## Data for this task

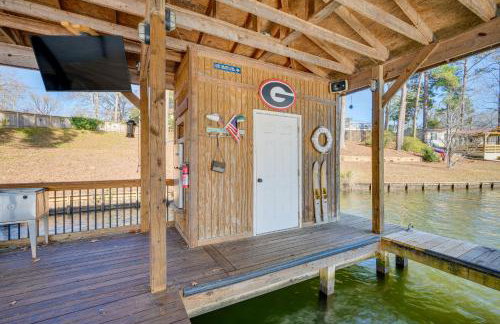 Lake Sinclair Retreat with Big Water Views and Dock! - Foto 41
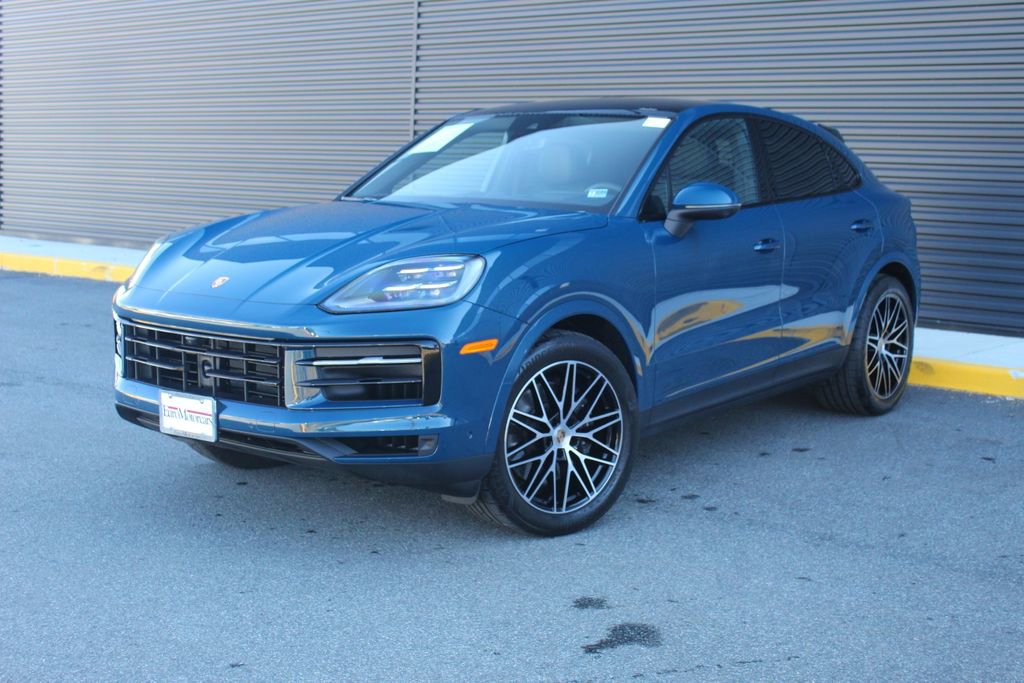 Certified 2025 Porsche Cayenne Coupe AWD/4WD image 1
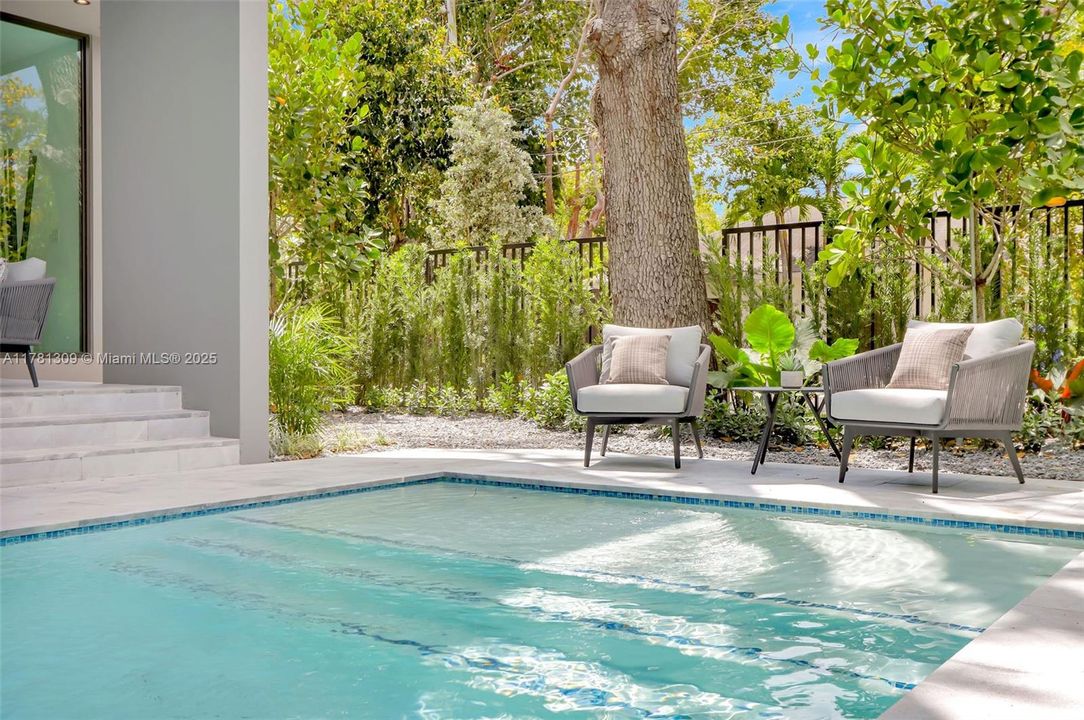 Recently Sold: $4,149,000 (5 beds, 6 baths, 4228 Square Feet)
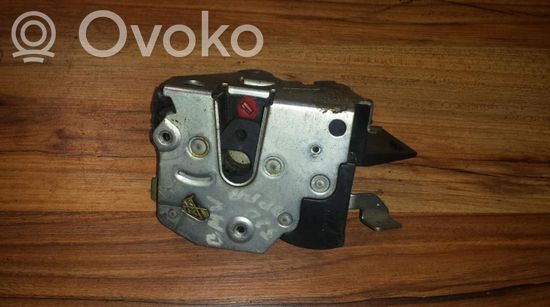 BMW 5 E34 Rear door lock 8138928 8138928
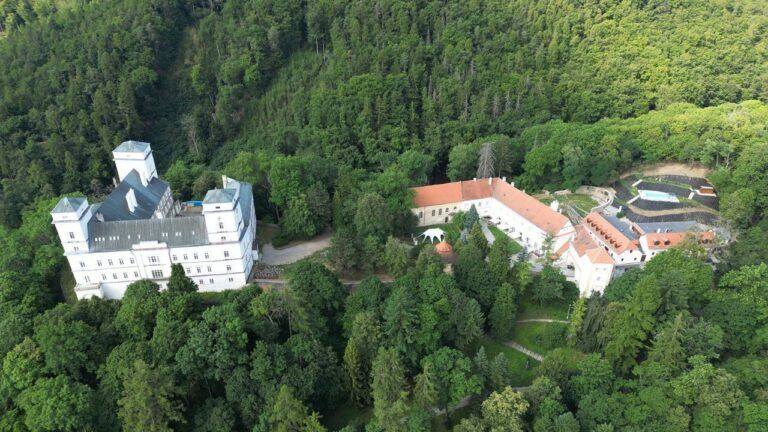 Zámek Račice rekonstrukce historického areálu pod vedením e-Finance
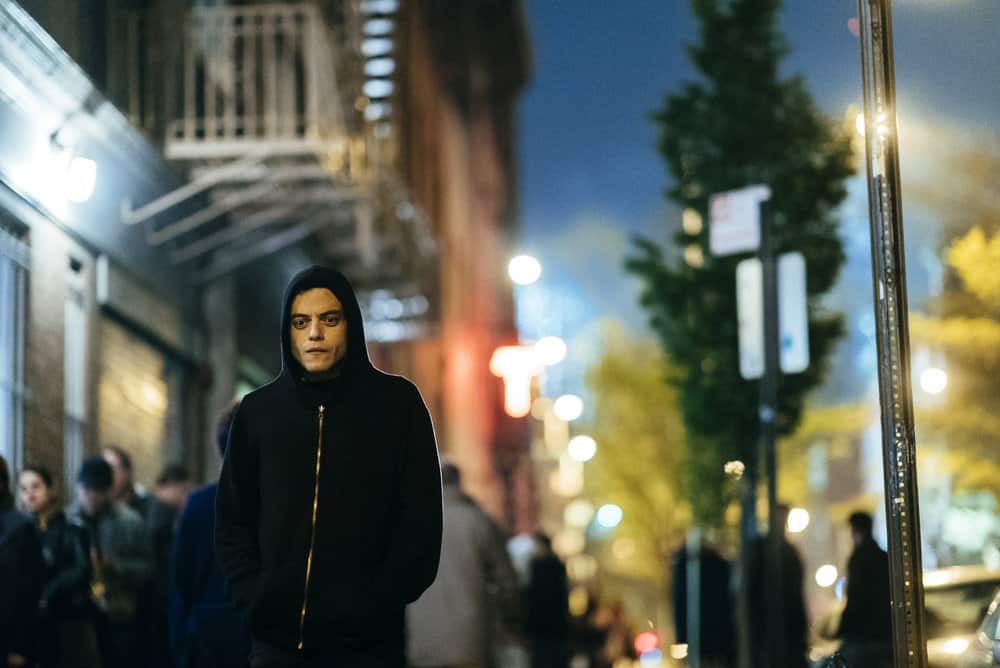 MR. ROBOT -- "eps3.1_undo.gz" Episode 302 -- Pictured: Rami Malek as Elliot Alderson -- (Photo by: Michael Parmelee/USA Network)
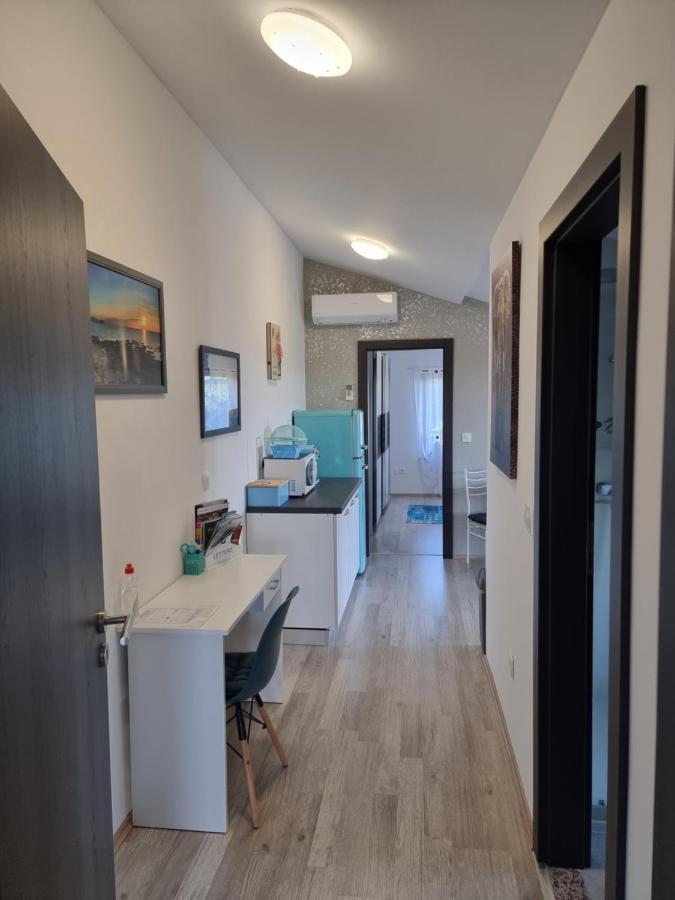 Apartment Pharos Zambratija  Luaran gambar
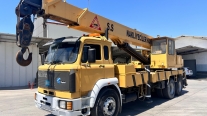 DEV FATİH ÜZERİNDE 25 TON TELESKOBİK VİNÇ
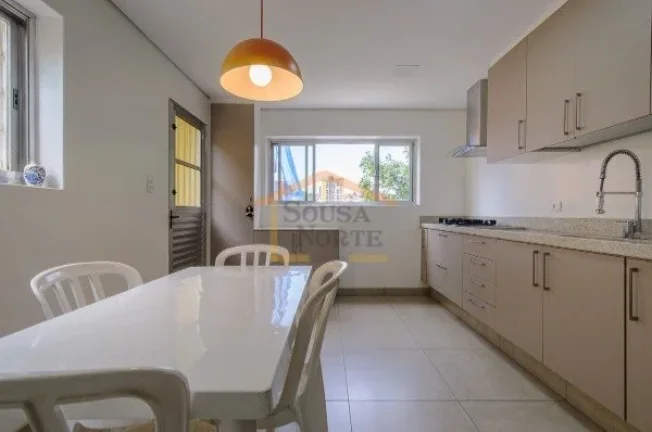 Imagem Sobrado com 175m² de área construída, distribuído em três níveis. Possui 3 dormitórios, sendo...
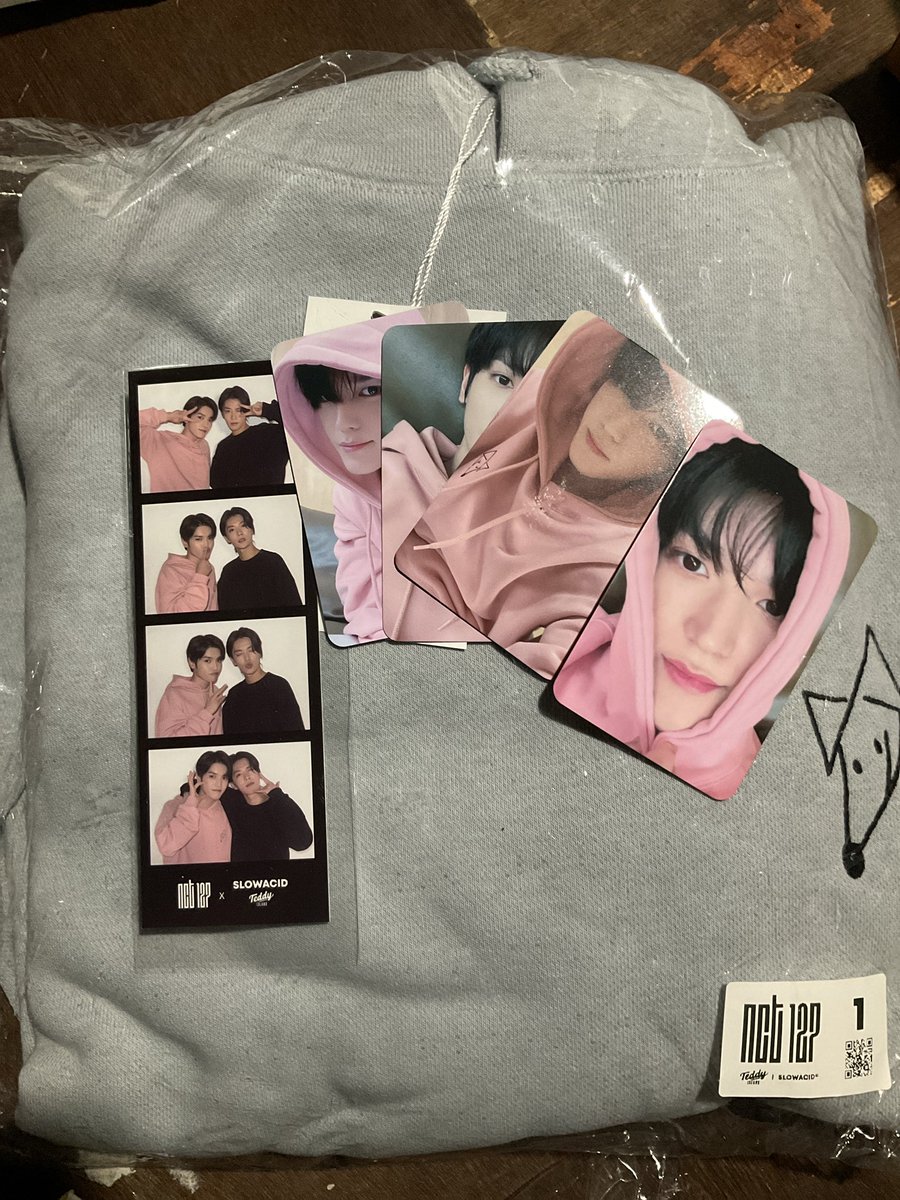 pppjjj44's tweet image. 💕Pls rt💕
Wts ตามหา การ์ด slowacid เสื้อ slowacid 
เสื้อ slowacid แทยง พร้อมส่ง ทั้งเซตราคา3300 รวมส่งพร้อมโอน
ลดได้อีก
#ตลาดนัดnct127 #ตลาดนัดnct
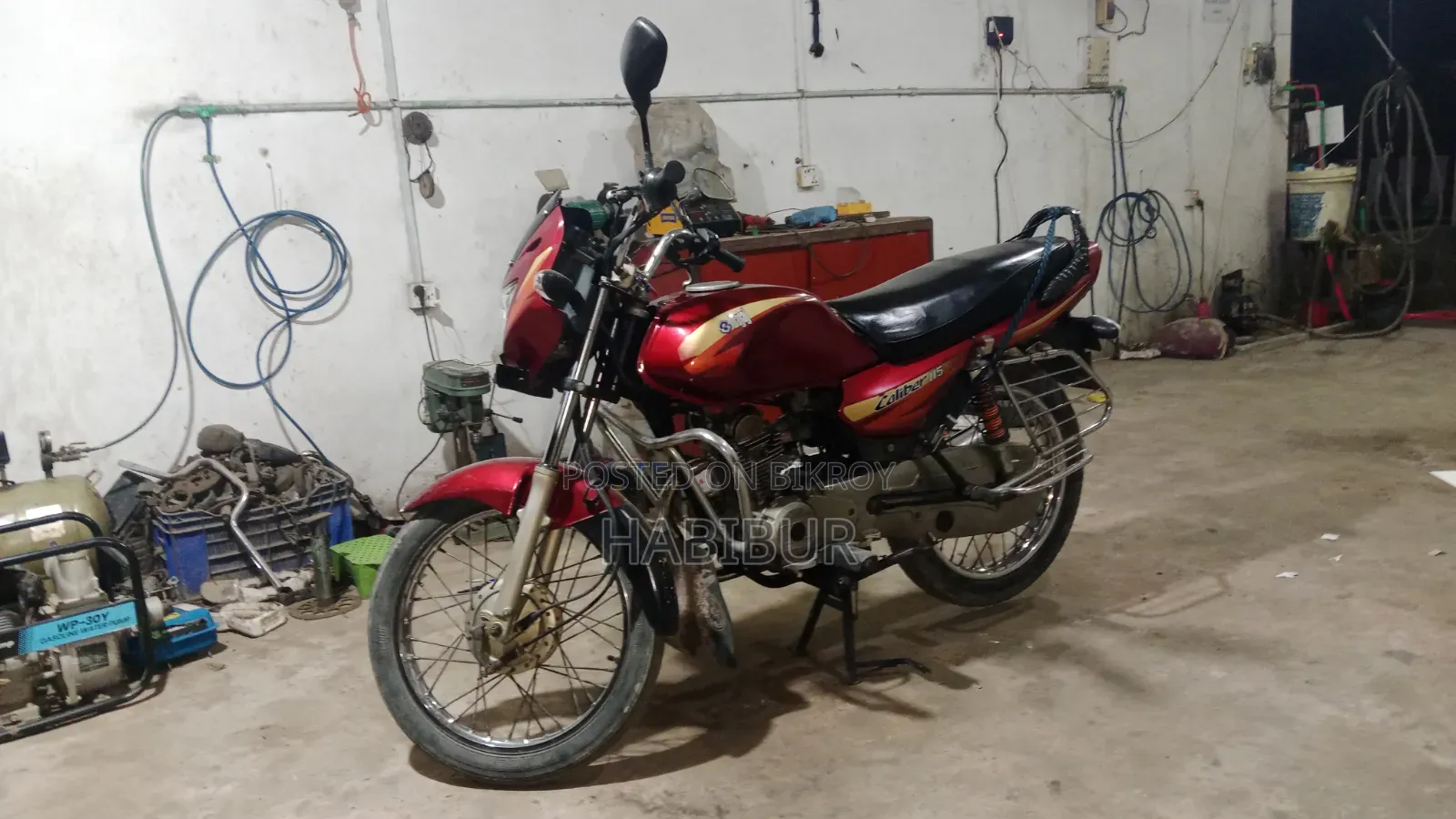 Bajaj 2006 Red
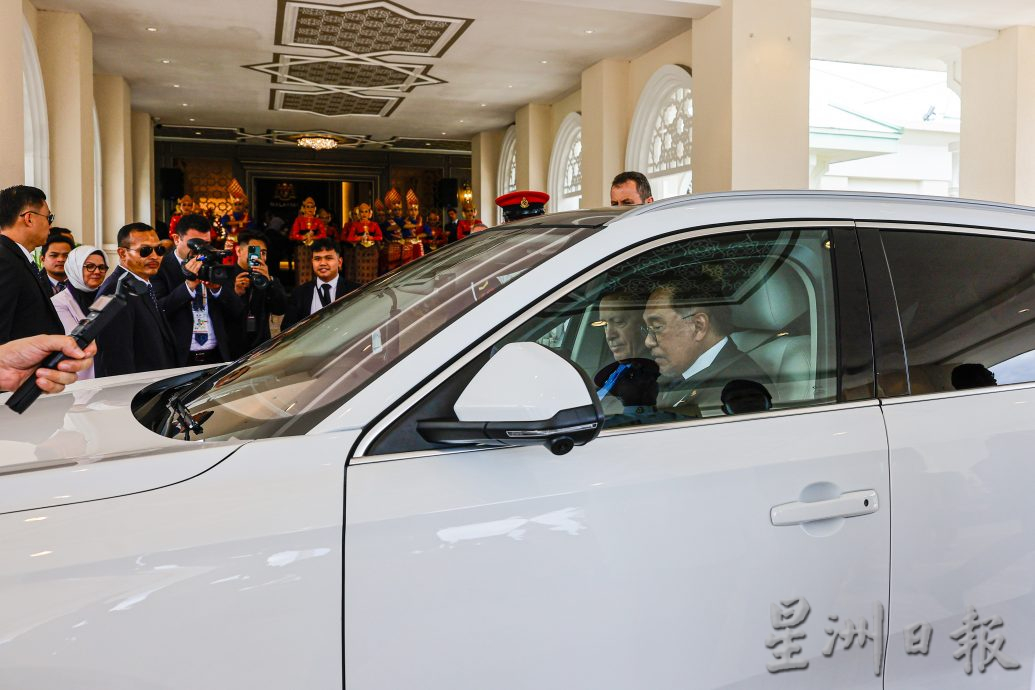 土总统人到礼也到 送安华国产电动车  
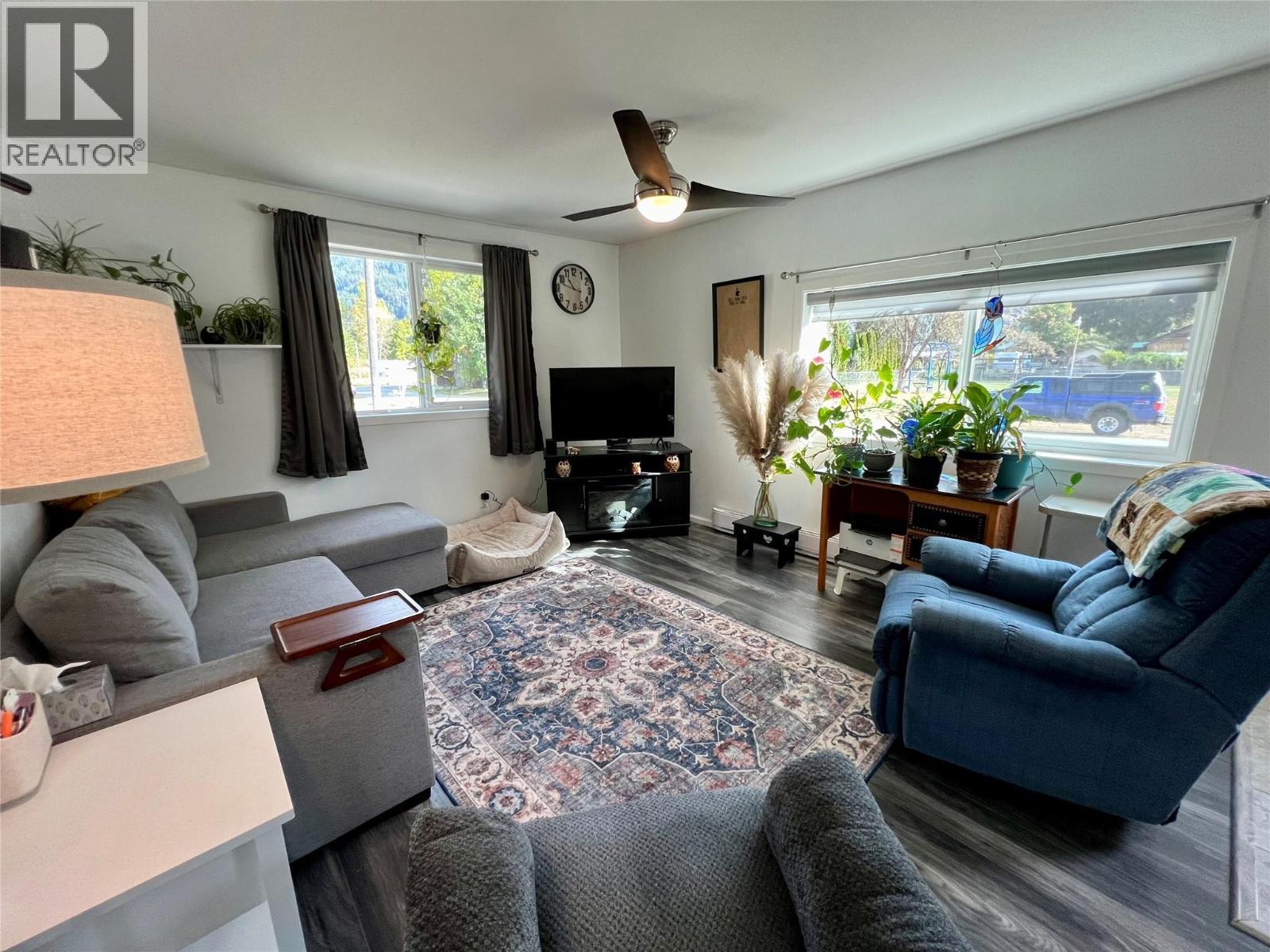 515 Main Street, Slocan, BC - Indoor Photo Showing Living Room
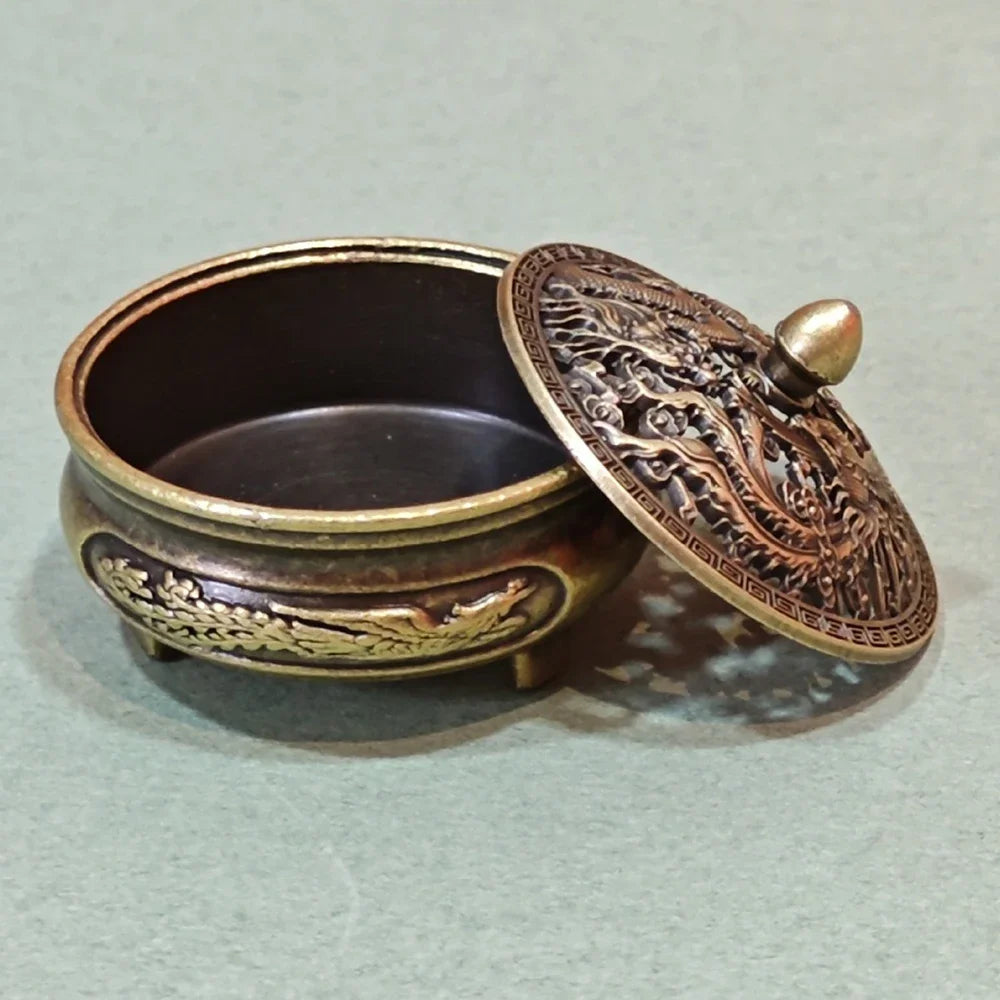 1PC Longfeng Fingertip Stove, Three-Legged Small Incense Burner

## Task instructions
Using the entries, count how many lines contain the string "slowacid". Write only the number.

## Answer to this problem
2